Local Group Will Honor Land Damaged by the El Guique Gravel Mine

by Staff Reporter / Jun 14, 2017 / comments
courtesy image

Local Group Will Honor Land Damaged by the El Guique Gravel Mine
Submitted Notice

Española - On Saturday, June 17, 2017, a local group will gather to honor one of the Earth’s “wounded places,” the El Guique gravel mine. The event is part of the 8th annual Global Earth Exchange, a worldwide day of remembering and honoring the “damaged” places in our communities.

Liz Gold, the event organizer, notes that gravel mines owned by the late Richard Cook “have caused habitat destruction, air and water pollution, and unsightly scarring in El Guique and Velarde, as well as destroying ancient petroglyphs and sacred sites.” The purpose of this event, Gold says, is not to protest or cause any damage but to “honor the land with a ceremony, an act of beauty.”

The group Radical Joy for Hard Times sponsors the Global Earth Exchange. “When the places we love are hurt, we hurt, too,” says Trebbe Johnson, who created the group.
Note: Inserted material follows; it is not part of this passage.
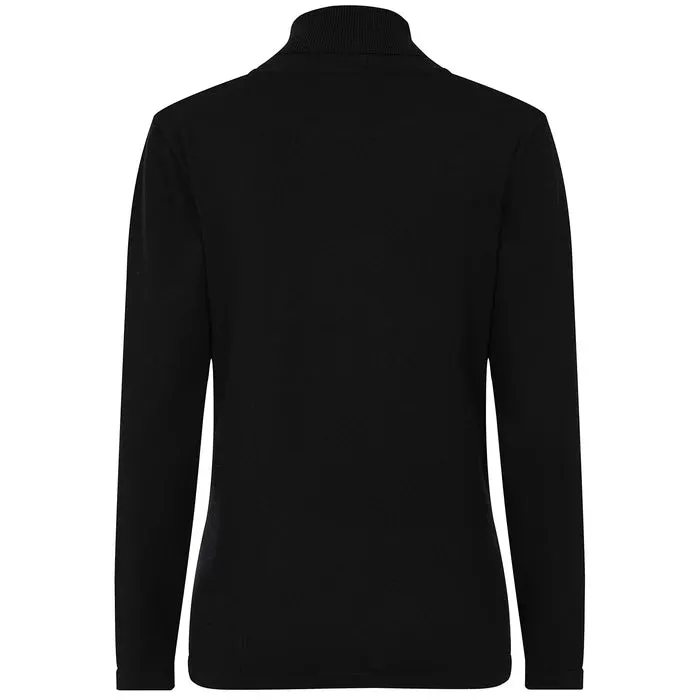 EMRECO Black Roll Neck Jumper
She notes that when the land or water becomes polluted, clear-cut, or damaged in some way, we tend to avoid or abandon it. The goal of Radical Joy for Hard Times is to help reestablish our personal relationships with these wounded places, and to return beauty and affection to them in exchange for the gifts they have given us. “We share our love for these places, acknowledge our sorrow for the damage caused, connect with people in our own community and communities around the world, and support one another in our ongoing work,” says Gold.

Gold notes that these ceremonies are especially important in a time when people are exhausted by grief for the worldwide damage caused by climate change. “You’d be surprised how much ‘radical joy’ one of these ceremonies can generate in these ‘hard times,’ ” she says. “It replenishes the soul.” Gold has led similar ceremonies in past years for the Railroad Avenue Superfund site, the Rio Grande at Buckman, the Santa Fe River, the Questa mine, and the Animas River in Colorado after the 2015 disaster.

Gold acknowledges that Cook’s gravel mining operations are a mixed legacy. “They have provided many local people with work and have formed the basis of many of our roads and public works.” However, she feels it is important to “give something back to the Earth that has given us so much.”

The group will meet at 8:30 am at the Moving Arts Española parking lot and carpool from there to public property near the El Guique mine. Gold suggests participants should bring hats, sunscreen, and water, as well as drums, songs, poems, cornmeal, or flowers, if desired.